(Data supplied begins)
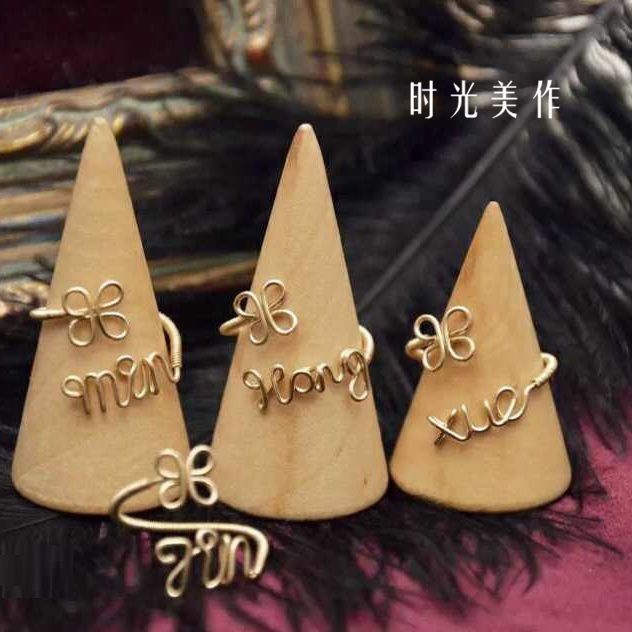 diy定制钻戒,中国十大钻戒排行榜-第1张图片-翡翠网 diy定制钻戒,中国十大钻戒排行榜-第1张图片-翡翠网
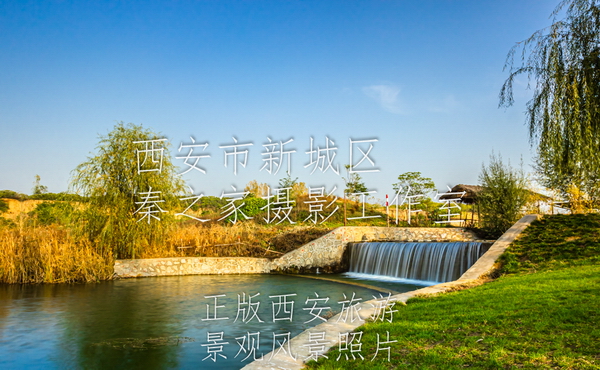 中国陕西西安浐灞生态区初冬灞河景观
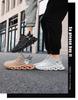 Unisex Coconut Flyknit Breathable Blade Sole Casual Sports Shoes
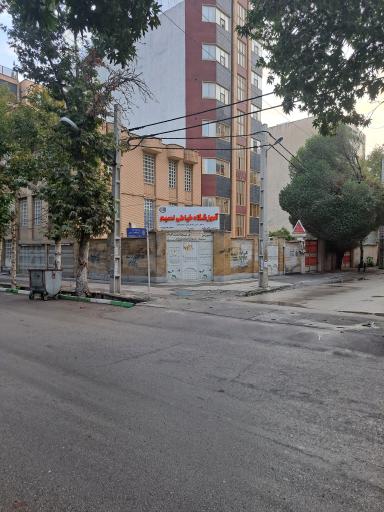 عکس آموزشگاه خیاطی نسیم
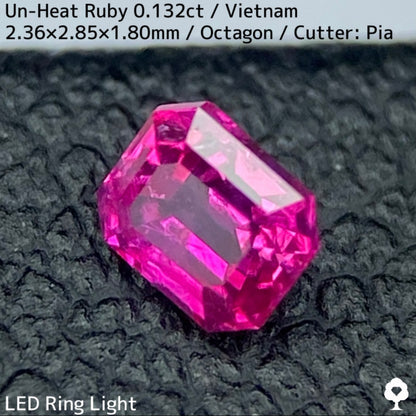 ベトナム産非加熱ルビー0.132ct★小粒ながら強烈なネオンピンクから目が離せない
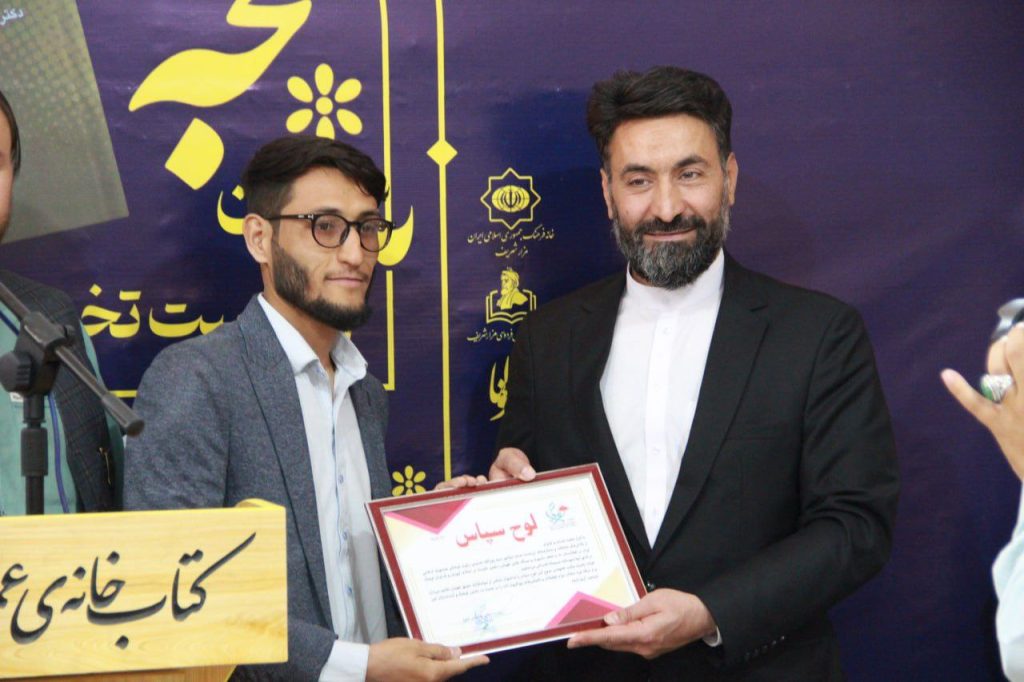 رونمایی کتاب در مزار‌شریف؛ اگزیستانسیالیسم در آیینه نگاه صادق هدایت و بنت‌الهدی صدر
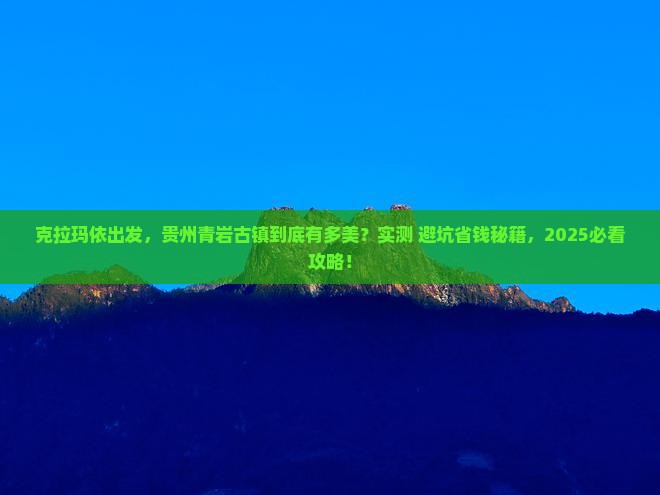 克拉玛依到贵州青岩古镇景点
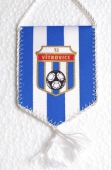 Fotbal -  TJ Vítkovice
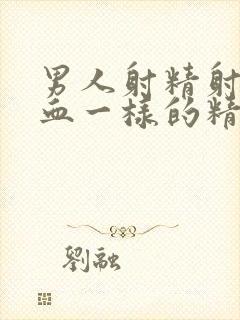 男人射精射了像血一样的精子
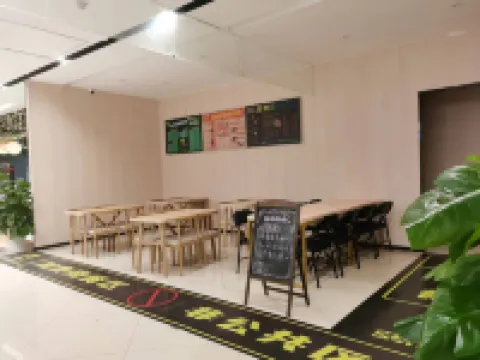 旭泰電競公館（江南萬科裏店）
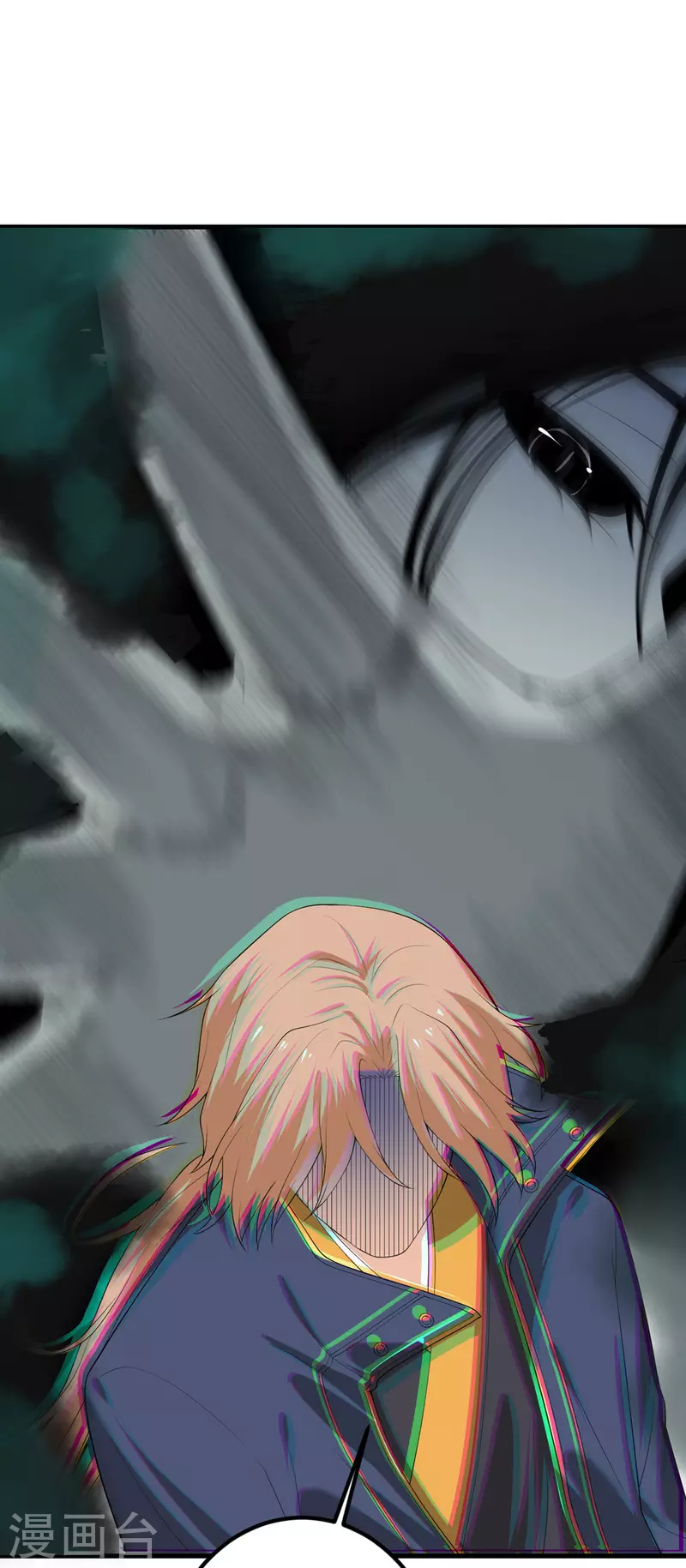 第60话 咖啡好苦-第61话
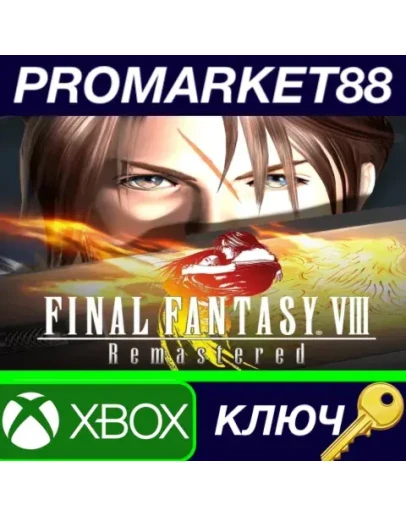 Final Fantasy VIII Remastered AR XBOX One / Xbox Seri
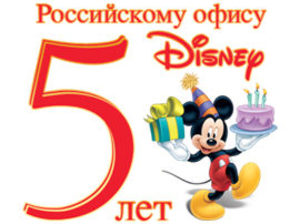   Disney  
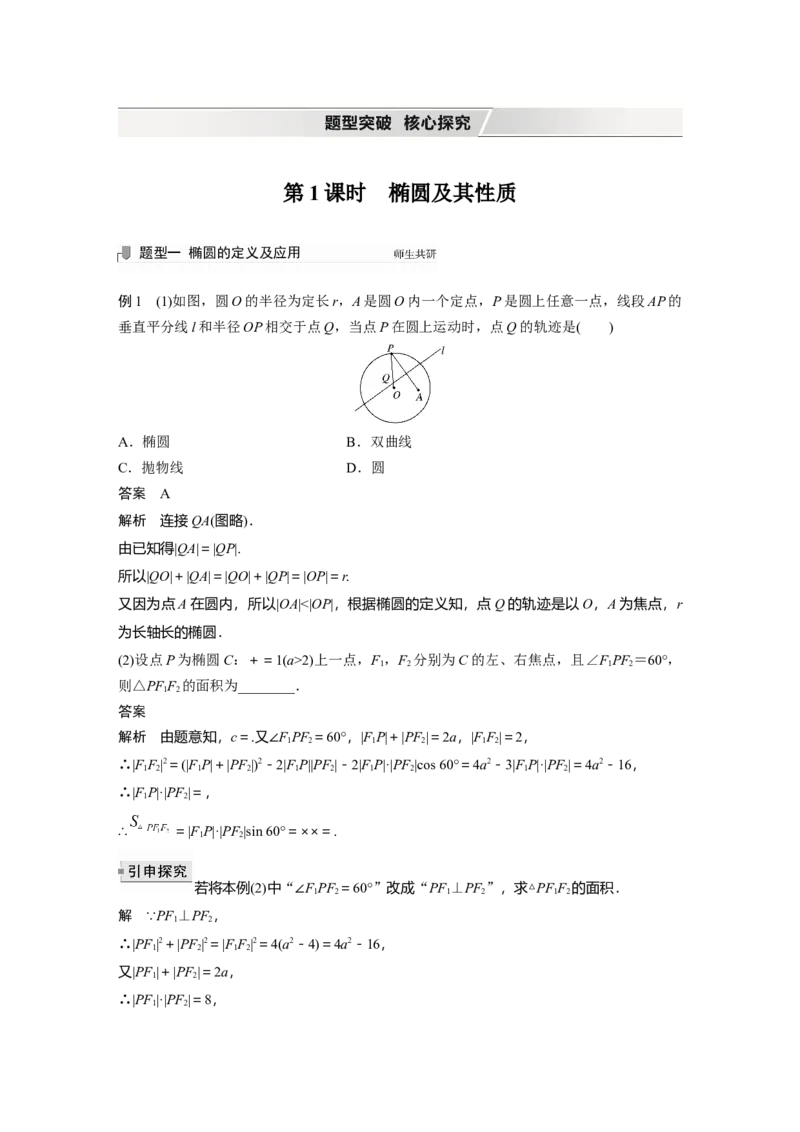 2022届高考数学一轮复习(新高考版)第8章&sect;8.5第1课时　椭圆及其性质_02高考数学_新高考复习资料_2022年新高考资料_2022年一轮复习各版本_1.新高考2022年高考数学一轮复习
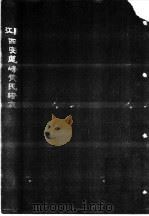 江夏四安莲峰黄氏谱志  第2卷（ PDF版）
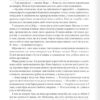 Четверте крило. Емпіреї. Книга 1. Ребекка Яррос (Укр) КСД (9786171504974) (512600) - Зображення 4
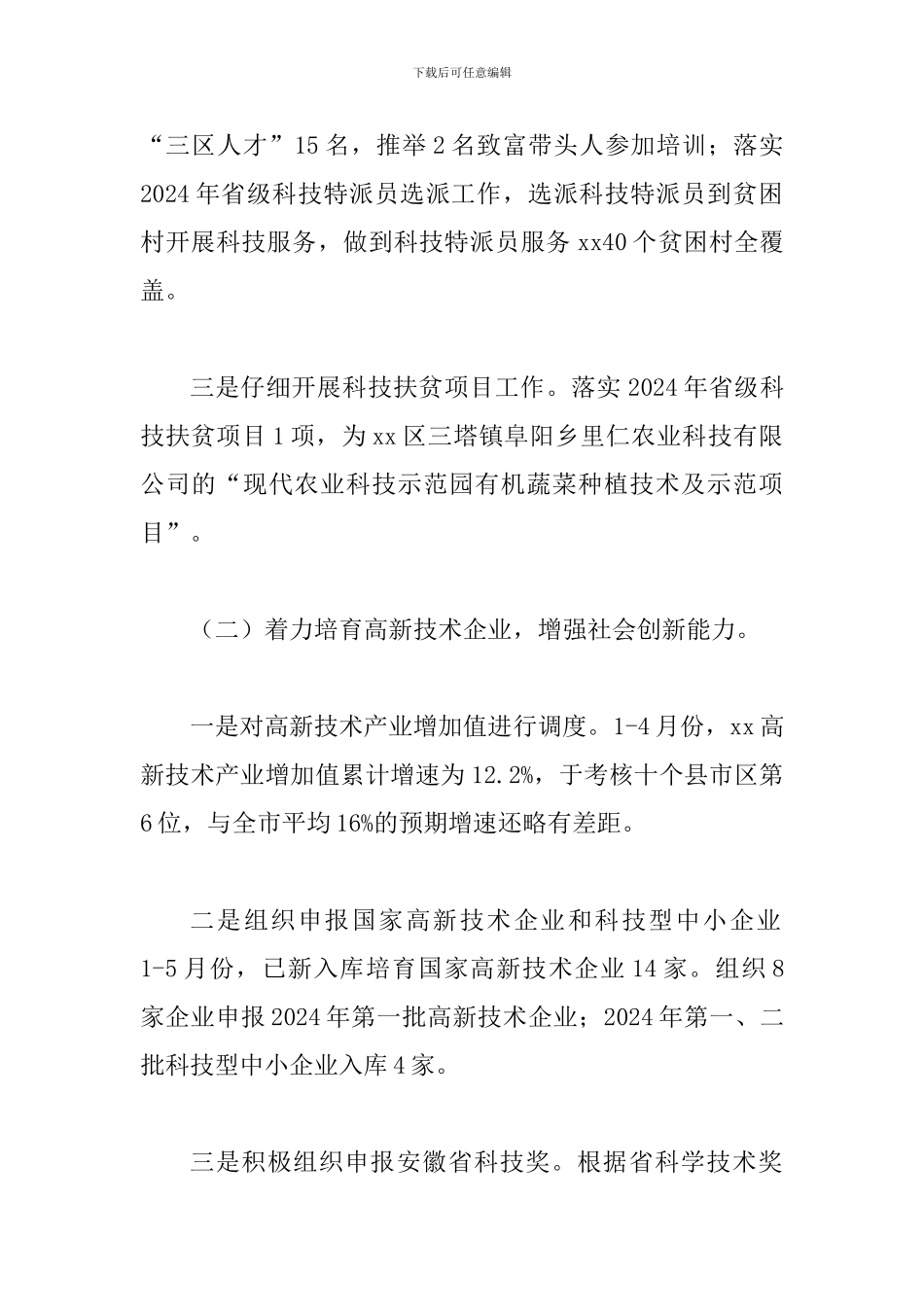 2024年上半年科技工作开展情况暨下半年工作计划及科技教育活动方案合辑_第2页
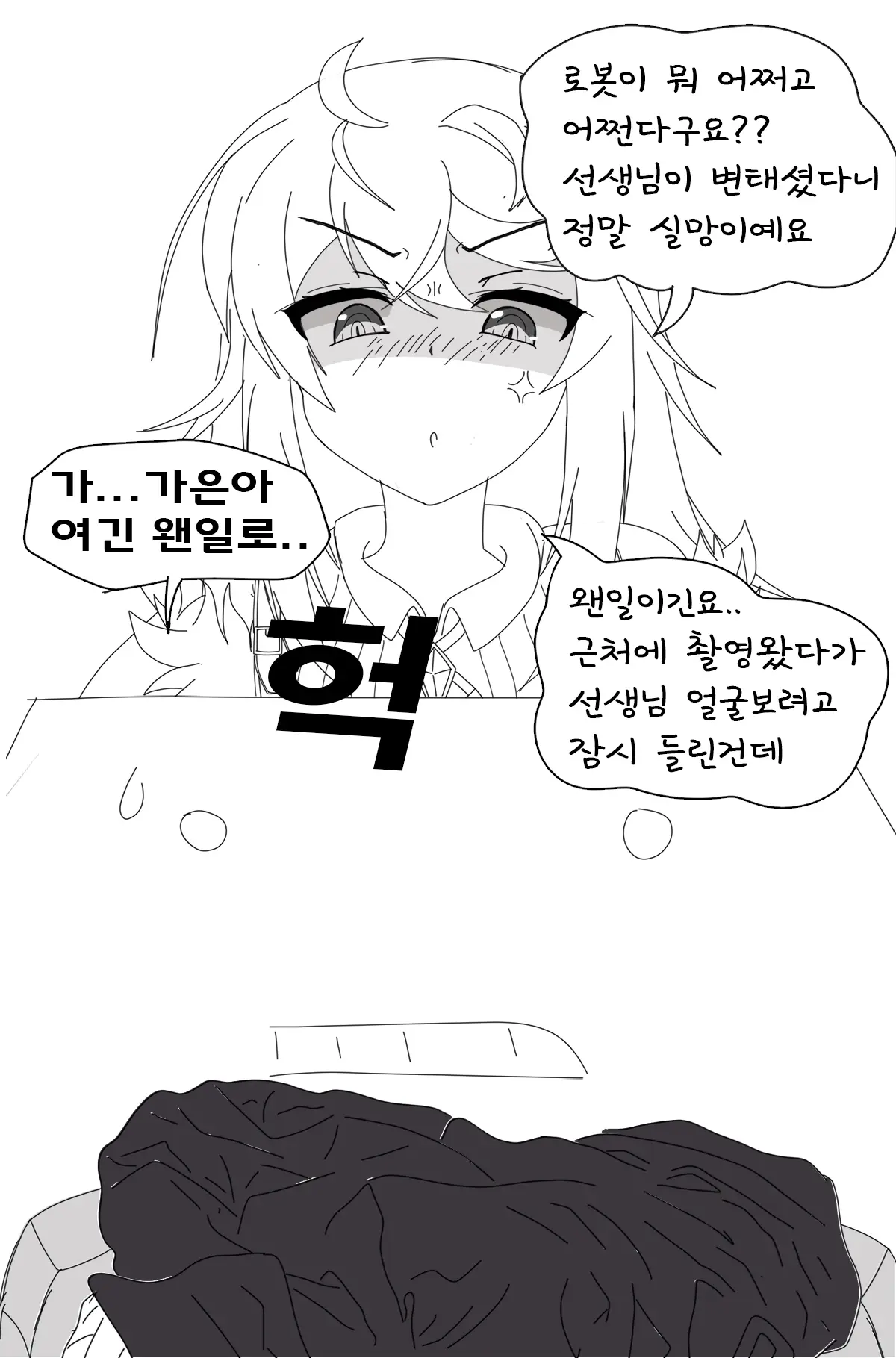 웹툰 이미지 209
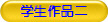 ѧƷ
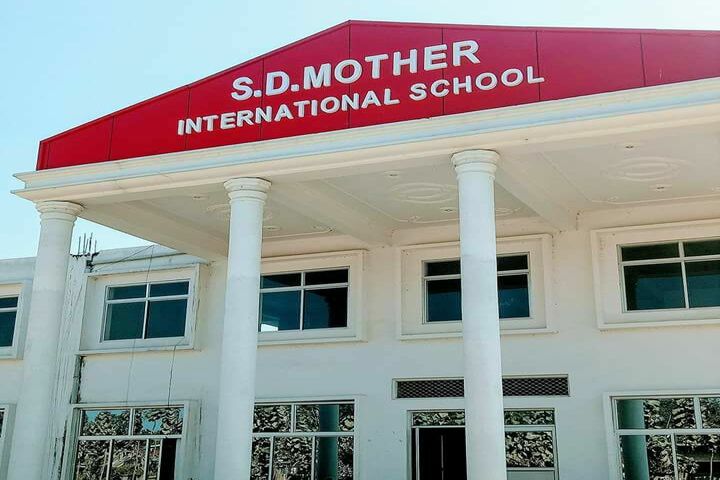 S D Mother International School- School building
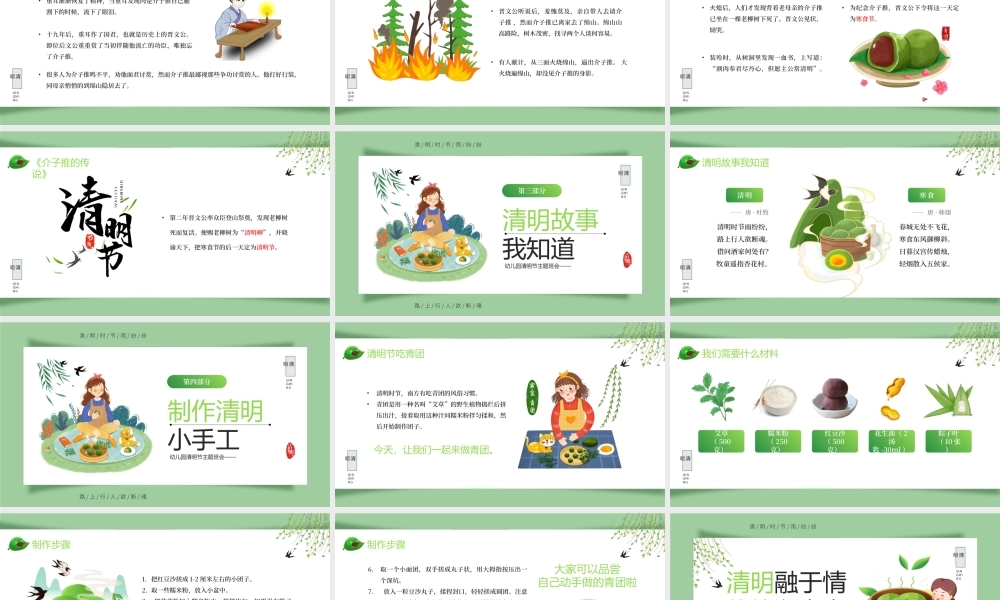 清明融于情传统润童心.pptx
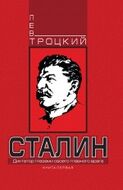 Сталин. Книга первая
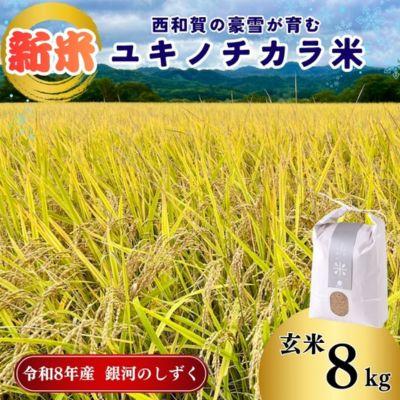 ふるさと納税 西和賀町 アースコネクト【令和8年度産】ユキノチカラ米　銀河のしずく　玄米8kg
(Data supplied ends)
Only the lines from the one containing "رونمایی کتاب در" through the last line of the entries above, both included, belong in the answer, written out exactly; pictures do not.

Output of the exercise:
 رونمایی کتاب در مزار‌شریف؛ اگزیستانسیالیسم در آیینه نگاه صادق هدایت و بنت‌الهدی صدر
 克拉玛依到贵州青岩古镇景点
 Fotbal -  TJ Vítkovice
 男人射精射了像血一样的精子
 旭泰電競公館（江南萬科裏店）
 第60话 咖啡好苦-第61话
 Final Fantasy VIII Remastered AR XBOX One / Xbox Seri
   Disney  
 2022届高考数学一轮复习(新高考版)第8章&sect;8.5第1课时　椭圆及其性质_02高考数学_新高考复习资料_2022年新高考资料_2022年一轮复习各版本_1.新高考2022年高考数学一轮复习
 江夏四安莲峰黄氏谱志  第2卷（ PDF版）
 Четверте крило. Емпіреї. Книга 1. Ребекка Яррос (Укр) КСД (9786171504974) (512600) - Зображення 4
 2024年上半年科技工作开展情况暨下半年工作计划及科技教育活动方案合辑_第2页
 웹툰 이미지 209
 ѧƷ
 S D Mother International School- School building
 清明融于情传统润童心.pptx
 Сталин. Книга первая
 ふるさと納税 西和賀町 アースコネクト【令和8年度産】ユキノチカラ米　銀河のしずく　玄米8kg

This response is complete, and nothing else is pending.